Ich dachte, mich haut's um. Ich hatte mich garnicht mehr daran erinnert, wie diese Kisten brummen. Klar, früher brummten billige Radios - sozusagen als Einschaltkontrolle - es gab ja keine Skalenbeleuchtung, die den Betriebszustand signalisierte... und der Einschalter saß auf der Rückseite. Aber dass es so schlimm war, wusste ich nicht mehr. Daraufhin habe ich mal meinen vor Jahren reparierten VE301W von NORA eingeschaltet - und er brummte genauso. Dann habe ich mich daran erinnert, dass ich ja noch irgendwo einen VE-Lautsprecher herumzuliegen hatte. Angeschlossen, und oh Wunder, er brummte weniger. Klar, Vor vielen Jahren hatte ich ihn mal zerlegt und beim Wiederzusammenbau den Abstand zwischen Schwingzunge und Magnetspalt etwas weiter eingestellt. Damit wird er natürlich unempfindlicher und brummt logischerweise auch weniger.
Also ehrlich gesagt, nervte mich das Gebrumme. Um der Sache auf den Grund zu gehen, habe ich natürlich mal den Entbrummer überprüft, der sich aber als intakt herausstellte. Die Wahl unterschiedlicher Erdpunkte fruchtete auch nichts.
Danach wurde probeweise die Heizung der REN904 und die heizungsmäßig parallel liegende RES164 mal aus einem stabilisierten Gleistromnetzteil mit 4V= versorgt. Ach was für eine Erholung - nichts brummt mehr!
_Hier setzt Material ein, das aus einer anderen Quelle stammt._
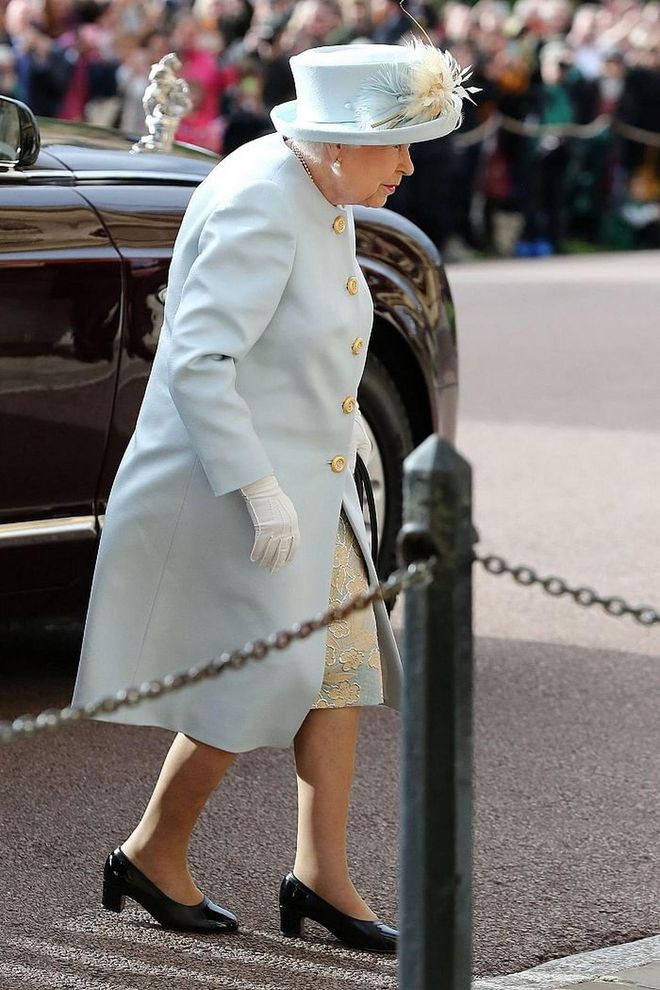 Queen Elizabeth II arriving in a powder blue ensemble.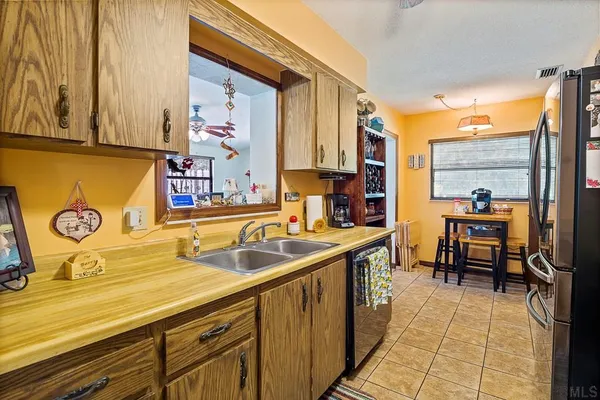 a kitchen with stainless steel appliances granite countertop a sink and cabinets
Nun könnte man natürlich die vom Netztrafo des VE301 kommenden 4Veff~ gleichrichten und sieben und es mal damit probieren. Mit einer GRAETZ-Brücke und einem Siebelko von 4700µF stellten sich 3,8V leicht wellige Gleichspannung ein und es brummte entsprechend wenig.
Nun stellt sich die Frage, ob ich das einfach so lasse oder ob ich den Besitzer des Gerätes mal frage, wie er es lieber hätte: - original mit deutlichem Brumm oder nervenschonender mit wenig Brumm, aber "artfremden" Komponenten unter dem Chassis.
Ich möchte in diesem Zusammenhang noch erwähnen, dass die Brummproblamatik und andere Schwachstellen der VE301-Generation selbstverständlich schon häufiger in RMorg diskutiert wurden, z.B. in dem schönen
Beitrag vom Jacob Roschy.
Wenn man mal von all dem Gemeckere absieht, muss man aber ehrlicherweise zugeben, dass dieses einfache Gerät eigentlich mit meiner 20m Langdrahtantenne sehr ordentliche Empfangsergebnisse liefert. Und er klingt eigentlich auch garnicht so übel, da man bei Empfang eines Senders irgendwie über den Brumm "hinweghört".